Image-text web data
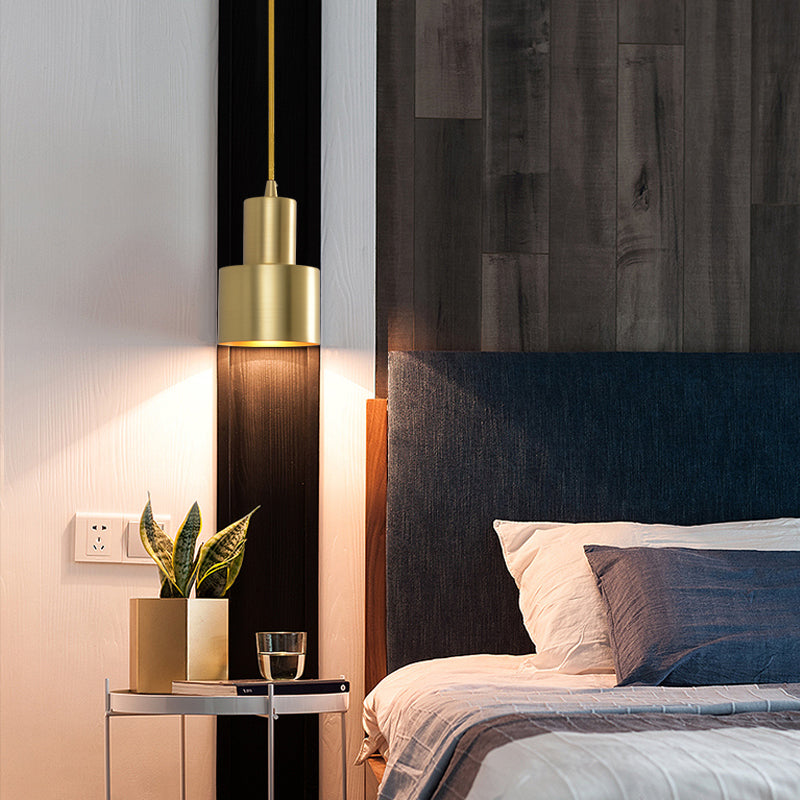 Moderne creatieve cilindrische hanglamp Koper binnenhangende lamp voor slaapkamer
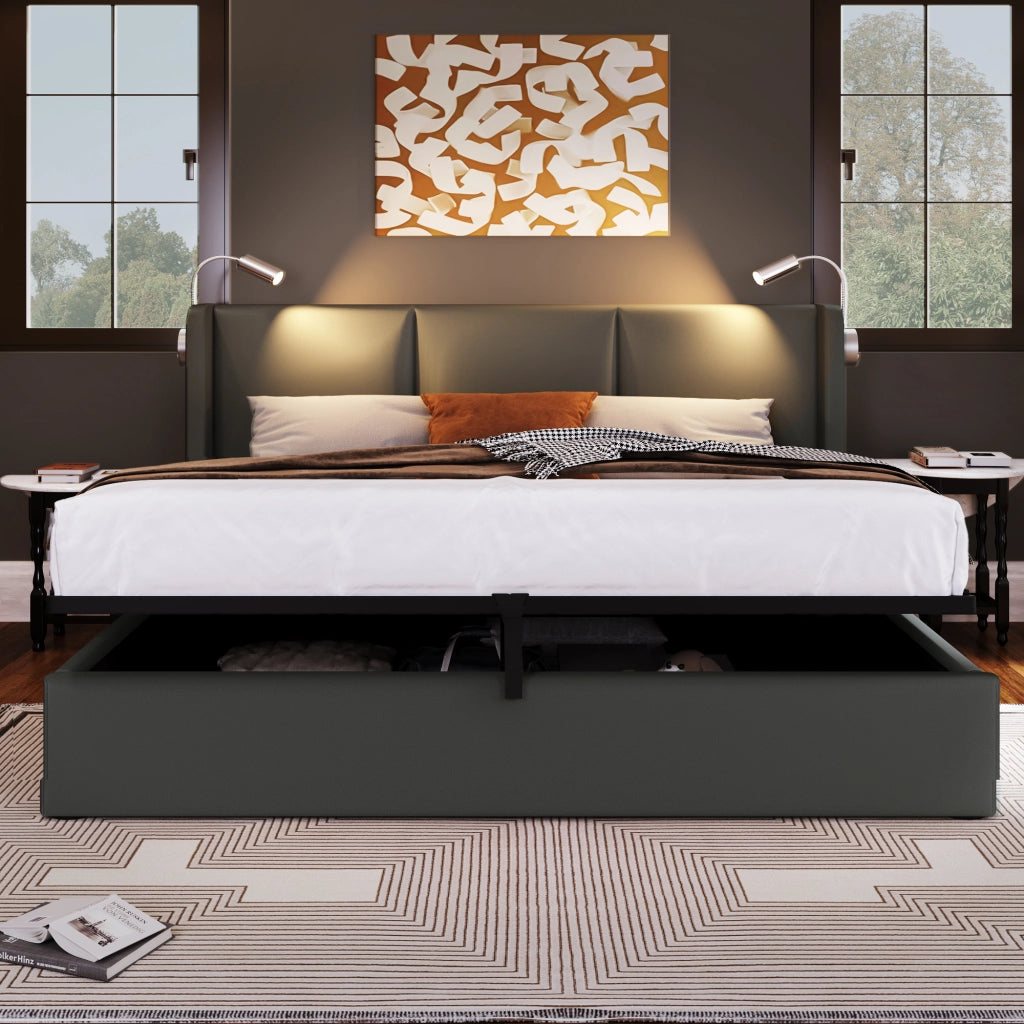 LETTO Contenitore 180x200 cm Grigio in PU con lampada da lettura e USB
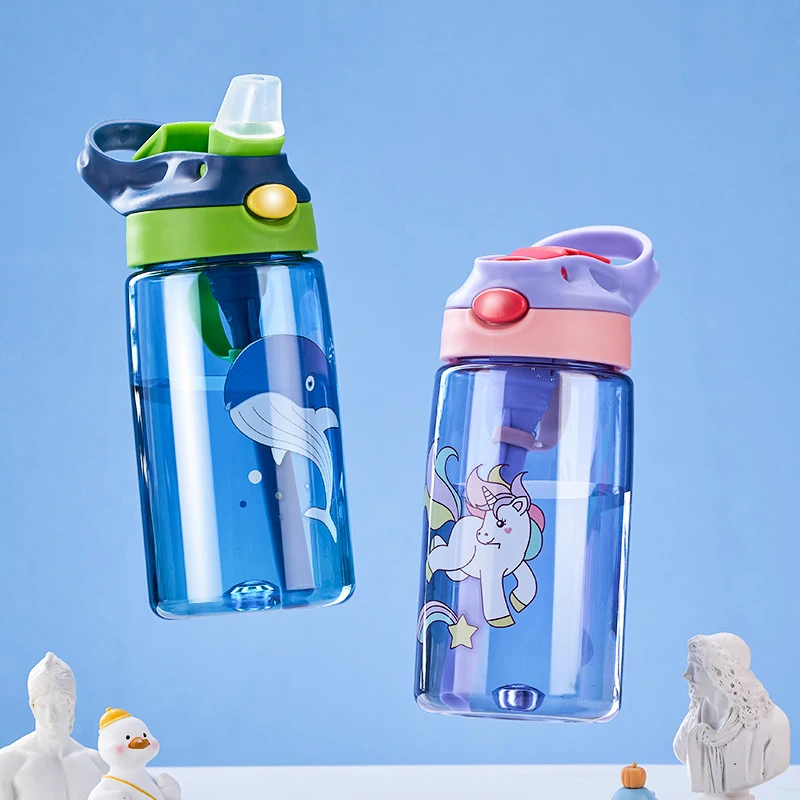 600ml Cartoon Dinosaur Shaped Kids Water Bottle With Silicone Straw  Shoulder Strap Leak Proof Children School Dropship - Water Bottles -  AliExpress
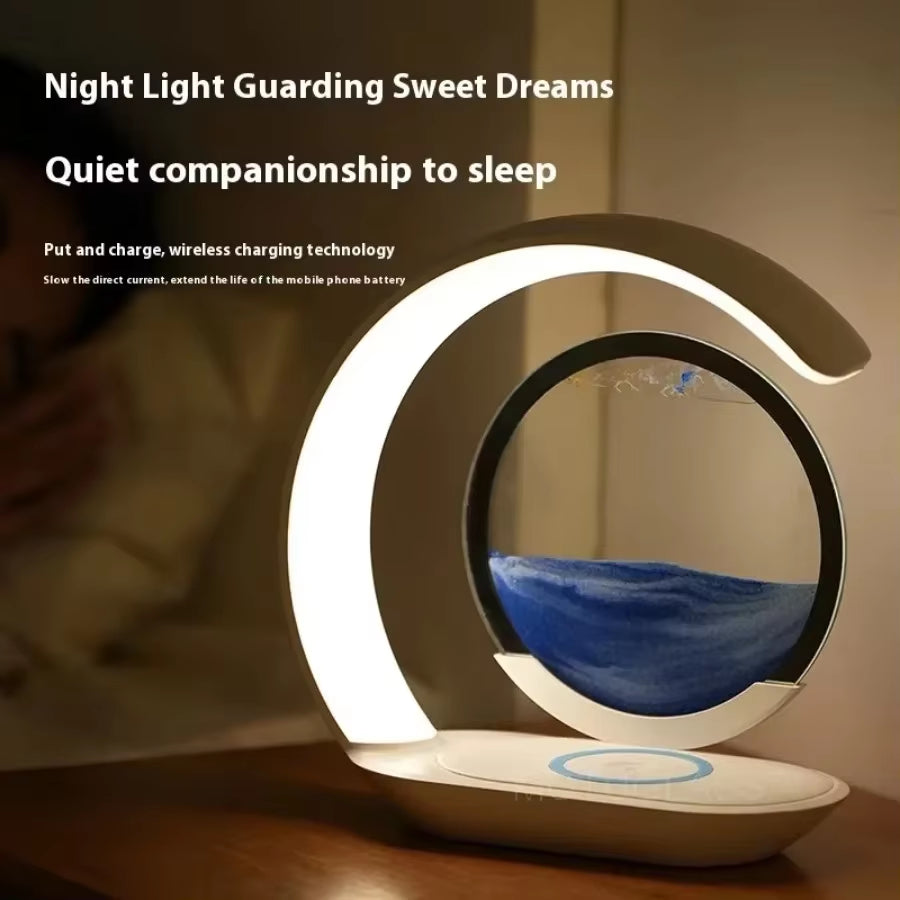 Glow sand 3-In-1 Hourglass Lamp: Wireless Charger, Sand Art & Mood Light in One Elegant Design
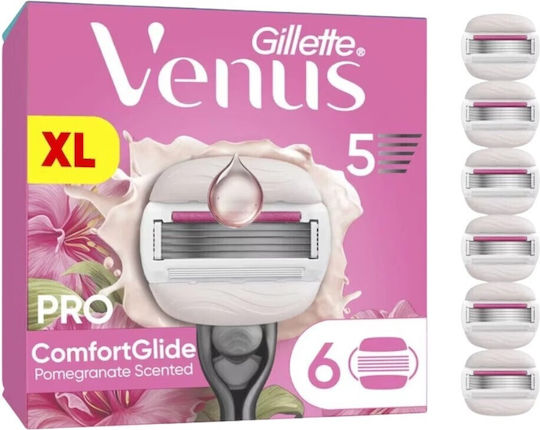 Venus Pro Comfortglide Granatapfel Duft Ersatzköpfe mit 5 Klingen & Gleitstreifen für empfindliche Haut 6 Stück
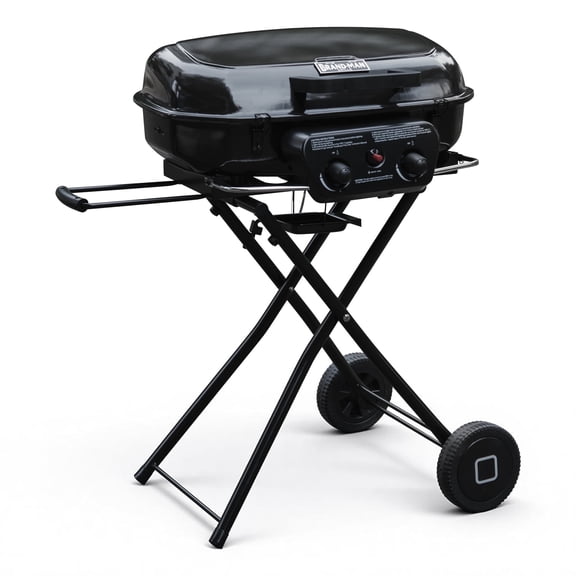Portable 2-Burner Propane Gas Grill, Foldable and Stand-up for Backyard Cooking - Brand-Man Grills, Black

- **Assignment**: Using the data above, output the line that has "LETTO Contenitore 180x200", the line that has "600ml Cartoon Dinosaur", and whatever lines fall between, each exactly as it stands and without pictures.

- **Exercise result**:
 LETTO Contenitore 180x200 cm Grigio in PU con lampada da lettura e USB
 600ml Cartoon Dinosaur Shaped Kids Water Bottle With Silicone Straw  Shoulder Strap Leak Proof Children School Dropship - Water Bottles -  AliExpress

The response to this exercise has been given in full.